El invierno santiaguino es tan generoso, que hay enfermedades de la estación para todos los gustos, siendo las principales y de mayor popularidad: la influenza, la neumonía, o el virus sincicial. Si es este el que tengo, mi cuerpo habrá conocido algo por primera vez. En medio de este padecimiento convertido a rápidos pasos en tortura, en estas últimas dos semanas solo encontré noventa minutos de paz física y mental.  Fue una hora y media de alivio, que me permitió olvidarme de mi propio cuerpo y de vivir por un rato para fuera, en el centro mismo de los acontecimientos. Noventa minutos que generaron gran alivio, el cual, dadas las circunstancias, fue un alivio sublime. Fue el tiempo (con el tiempo agregado) en que Uruguay estuvo en la cancha contra Ecuador.

El momento, lo visto en la cancha, me trajo el recuerdo de casi un año atrás, cuando en la misma habitación vi el partido de Uruguay contra Portugal y pensé, convencido, de que no era imposible llegar a la final, pues se había derrotado a un notable rival, y jugando a nivel mundialista. Después vino la lesión de Cavani y la amarga certeza de que el destino había elegido dejarnos fuera. El domingo de noche contra Ecuador regresaron esas vibraciones, sensaciones y percepciones extrañas, a las cuales, quienes tenemos más años, aunque no tantos, no estábamos acostumbrados. Esto es, ver a Uruguay ganar y jugar bien. El domingo hubo momentos en que jugó notablemente bien.

Los diarios chilenos del lunes presentan a Uruguay como favorito para salir campeón y afirman que es la selección que mejor ha jugado. Los únicos pronósticos acertados son los que adivinan el pasado. Por lo tanto, es imposible garantizar con mínima chance de error que la celeste volverá de Brasil con otra copa, pues lo más seguro del futuro es que nadie sabe. Sería fabuloso tener otro trofeo en la vitrina de la AUF, porque la copa América es la copa América. Es lo más americano que hay en deportes.

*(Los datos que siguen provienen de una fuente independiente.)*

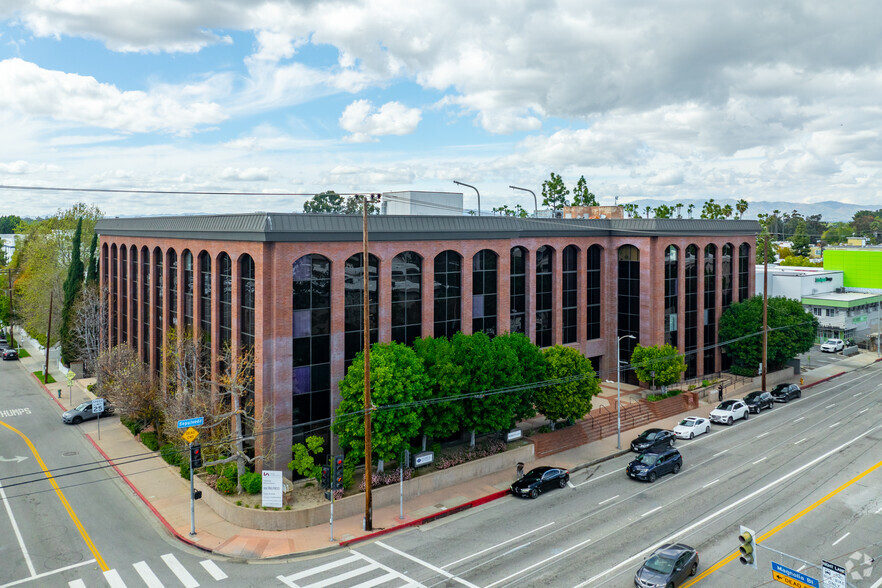 15315 Magnolia Blvd, Sherman Oaks, CA en alquiler - Foto del edificio - Imagen 2 de 7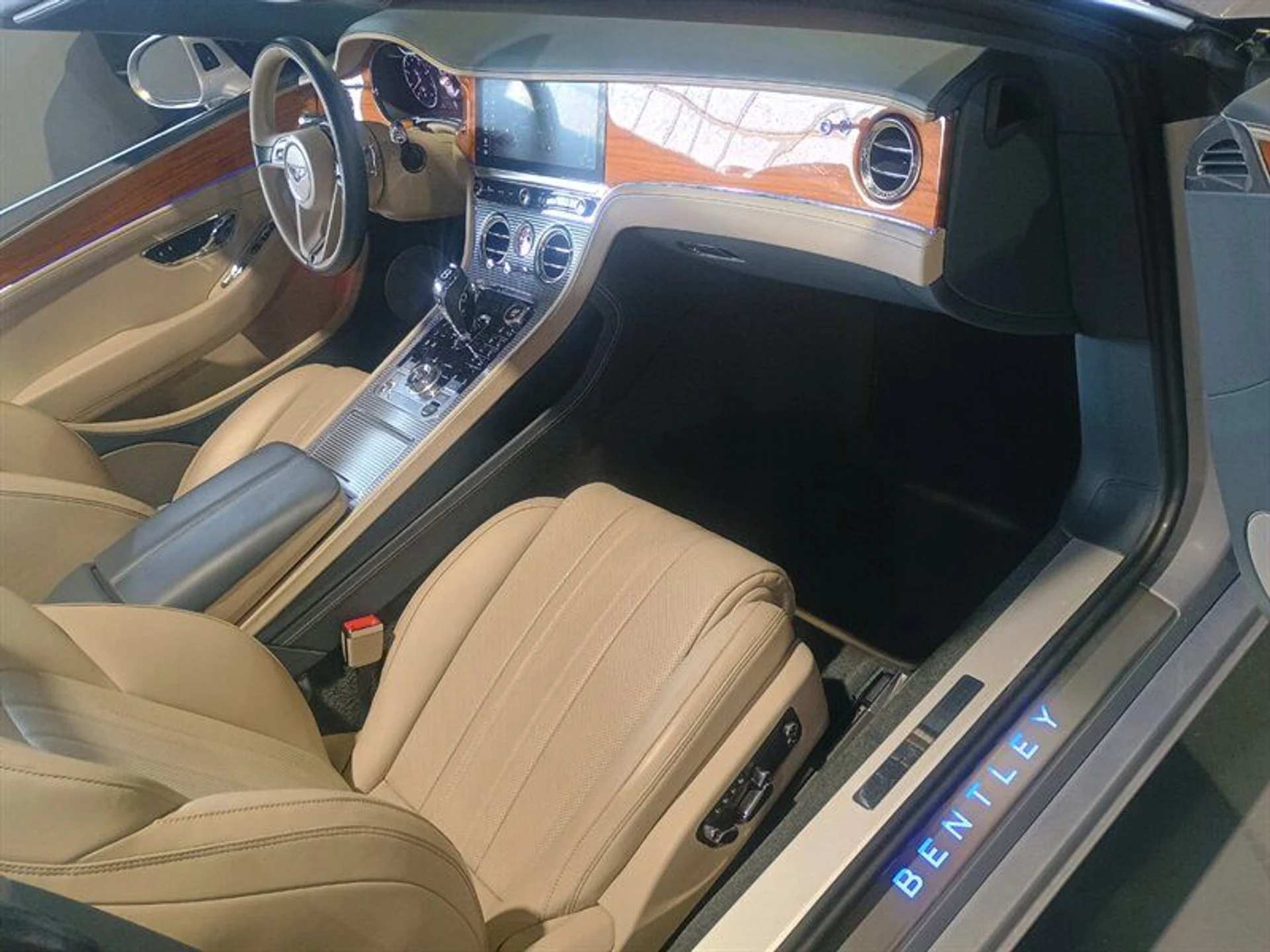 mph030_484862281_d92a47e0a0_800_31a2418293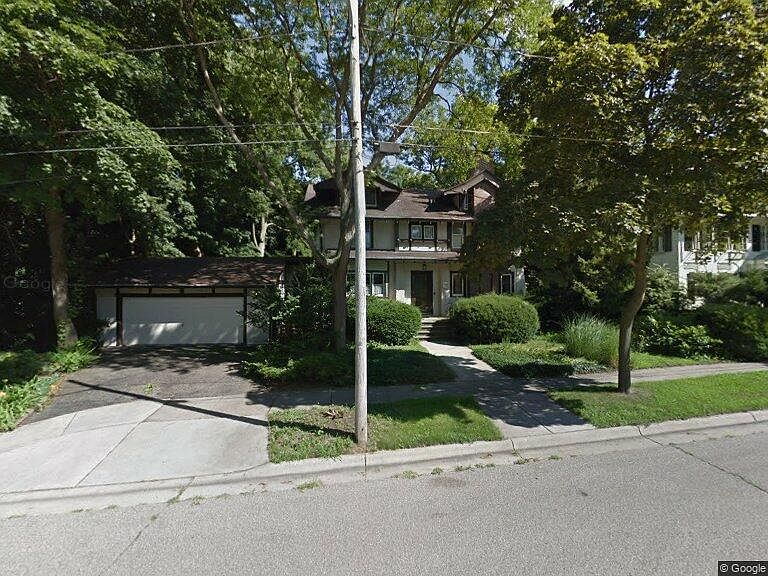 1st image of 630 E Holmes St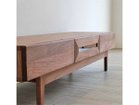 【松井木工/MATSUI MOKKO / GOODS】のcresson TV BOARD / クレソン テレビボード 各サイズとも中央デッキスペースの大きさは共通です。左右の引出しの幅がサイズによって変わります。|ID: prp329100004939288 ipo3291000000037064402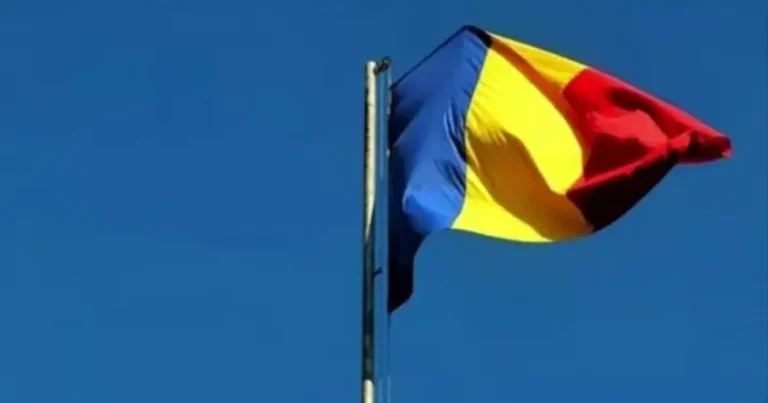 У Румунії пояснили, чому не збили російський дронРосійський дрон Geran 2 перебував у небі Румунії чотири хвилини. Його не збили через ризик для міста Галац зокрема.Війна в Україні • 29 травня, 10:10 • 8878 перегляди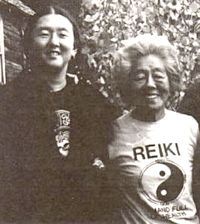 Хавайо Таката с внучкой  Филис Фурумото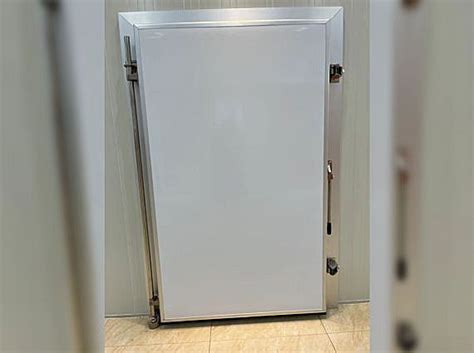 Walk-In Freezer Door, Walk In Cooler and Cold Room Door Manufacturer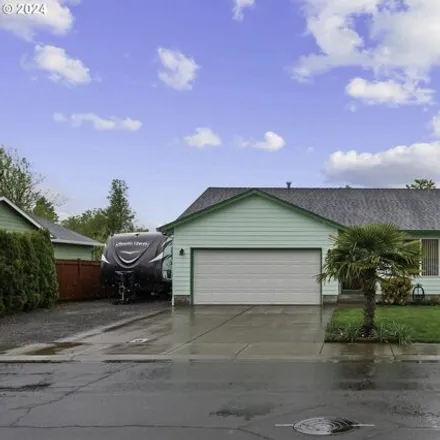 Buy this 3 bed house on 535 Hobson Street in Stayton, OR 97383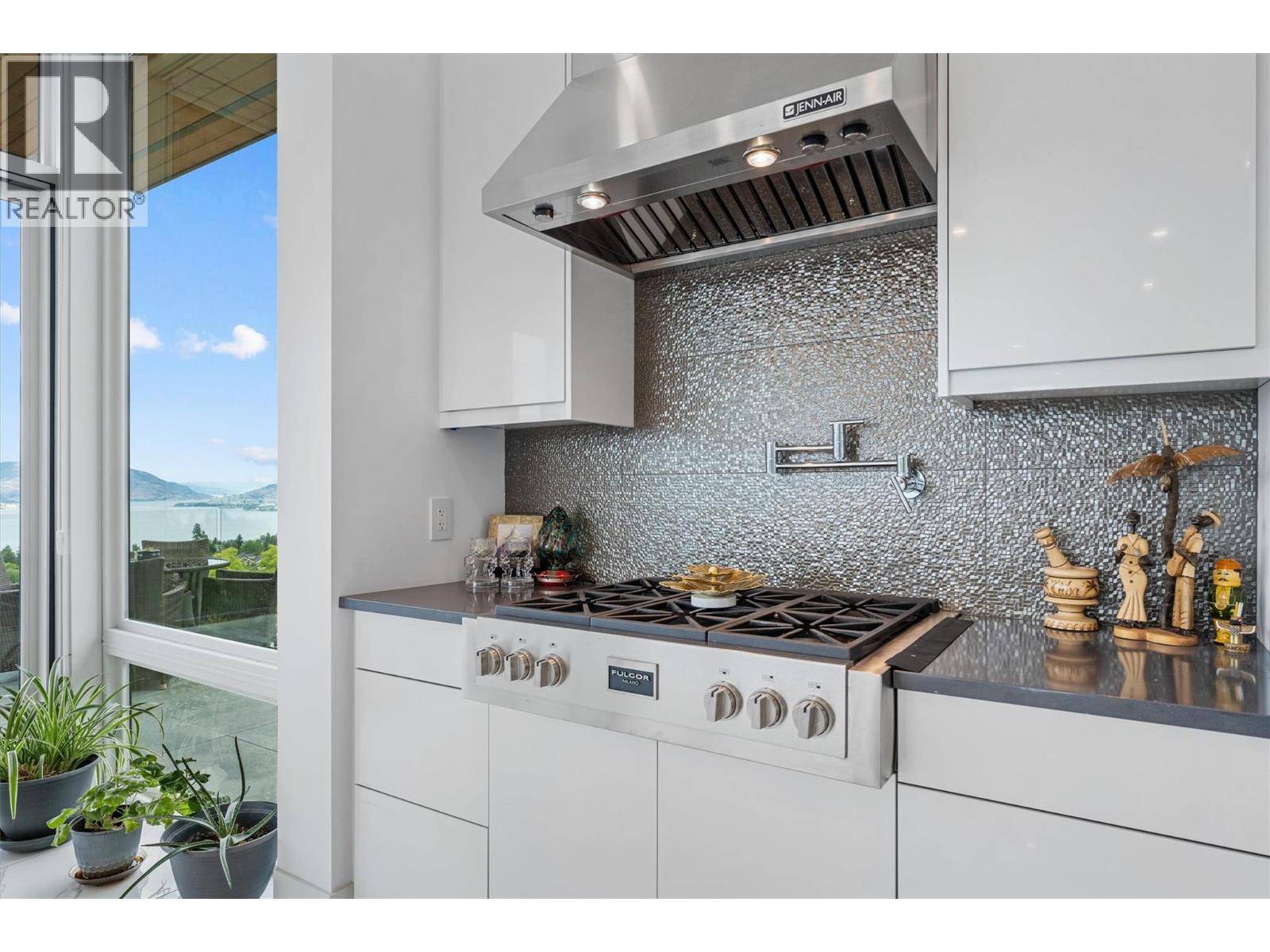 449 Swan Drive, Kelowna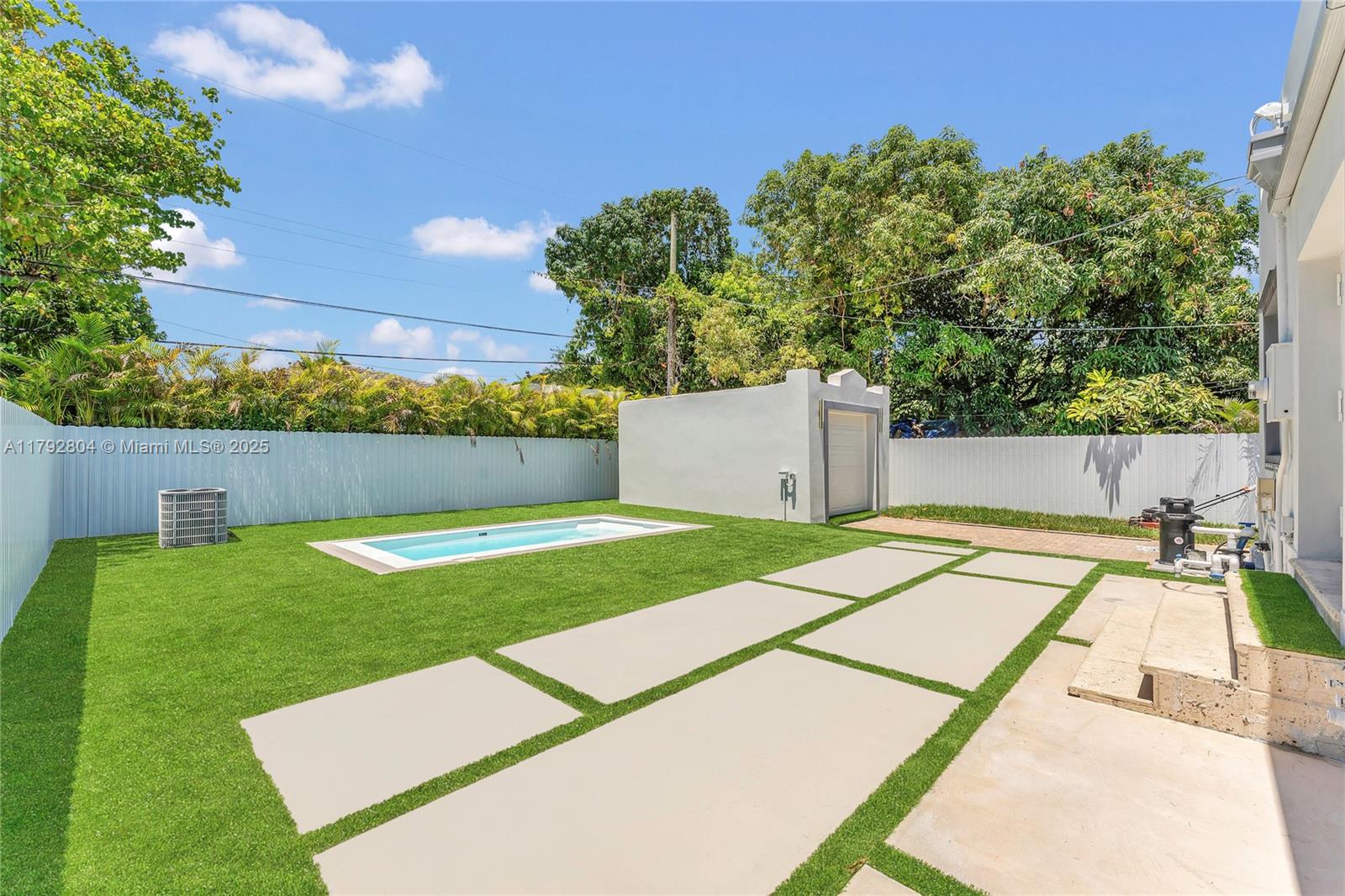 2357 SW 11th Ter Miami, FL 33135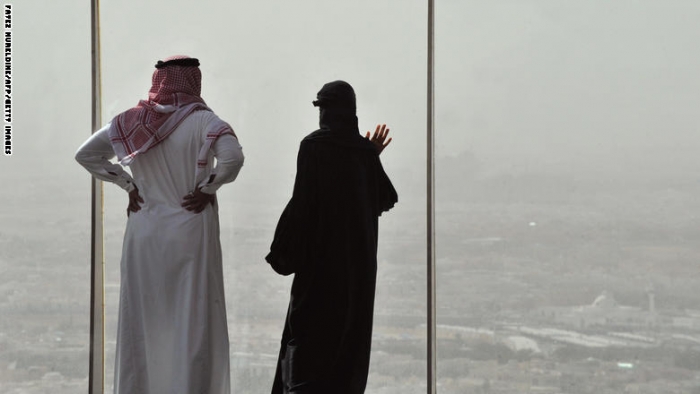 قانون سعودي جديد ينتصر للسعوديات ويرعب الأزواج من زوجاتهم قد يقودهم للسجون وتغريمهم 500 ألف ريال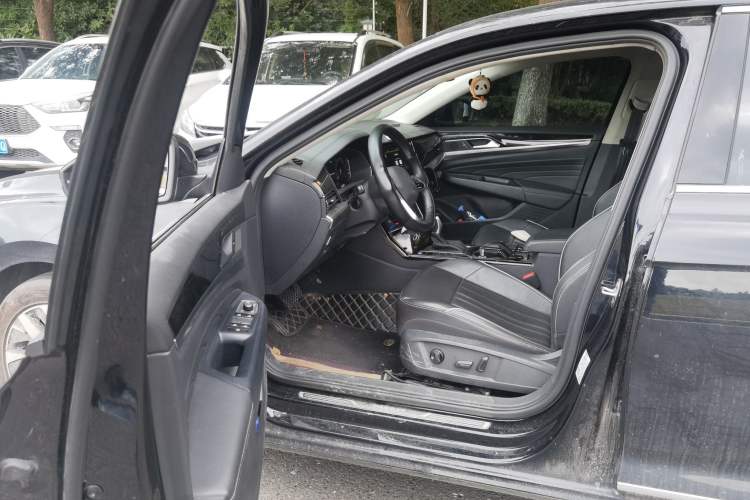 Used Volkswagen Passat 2022 330TSI Starry Elite Edition Driver Seat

Sin caer en “pronostiquismos”, algo se impone. Hay oncena y suplentes como para aspirar al premio mayor. Pero no solo eso, y he aquí el punto central de este comentario: los futbolistas uruguayos que juegan en Europa han alcanzado una técnica engarzada con precisión que era infrecuente en nuestros futbolistas, caracterizados más por su fuerza y garra que por demostrar un desplazamiento de relojero en el perímetro de juego, claro está, salvadas las grandes excepciones, de Juan Alberto Schiaffino para atrás y para adelante, Pedro Virgilio Rocha y Diego Forlán, quienes a lo largo del tiempo nos dieron mundiales, juegos olímpicos y clasificaciones a mundiales que parecían imposibles.

Conviene rescatar un pequeño detalle, pues el fútbol son los mínimos hechos que suceden en la cancha cuando la rutina se convierte en magia inaudita y pocos le prestan atención. En un momento del primer tiempo, Matías Vecino, jugador al que muchos tienen por luchador, pero tosco, robó una pelota con impresionante técnica; hizo una pausa con amague, el ecuatoriano que lo acechaba quedó perdido y siguió de largo, mientras Vecino cambiaba de banda, hacía otra pausa, y daba un gran pase cambiado.  ¿Cómo pudo ser posible?

Fácil de responder: porque Vecino juega en el Inter, donde es titular, expuesto semanalmente a mayores niveles de competitividad, en el Inter de Milán, que comenzará la próxima temporada con el plan de salir campeón de la Serie A. Vecino ha ido puliendo una técnica de ligas mayores, se está haciendo un jugador premium, alcanzando eso que en cualquier disciplina se llama, “dominio de una técnica a escala de mayor competitividad”.

Si alguien quiere perfeccionar sus aspiraciones de convertirse en genio de la tecnología, de la medicina, de lo que exija conocimiento innovativo, debe irse a Estados Unidos. Y si quiere ser futbolista de primer rango mundial, debe jugar en Europa. Son dos de las verdades irrefutables de los tiempos actuales. Ver jugar a la celeste con una técnica del primer mundo europeo brinda una rara felicidad, desconocida, exótica incluso. Y, claro, obliga a soñar, aunque los sueños, sueños sean (por ahora) y los rivales vayan a ser más difíciles.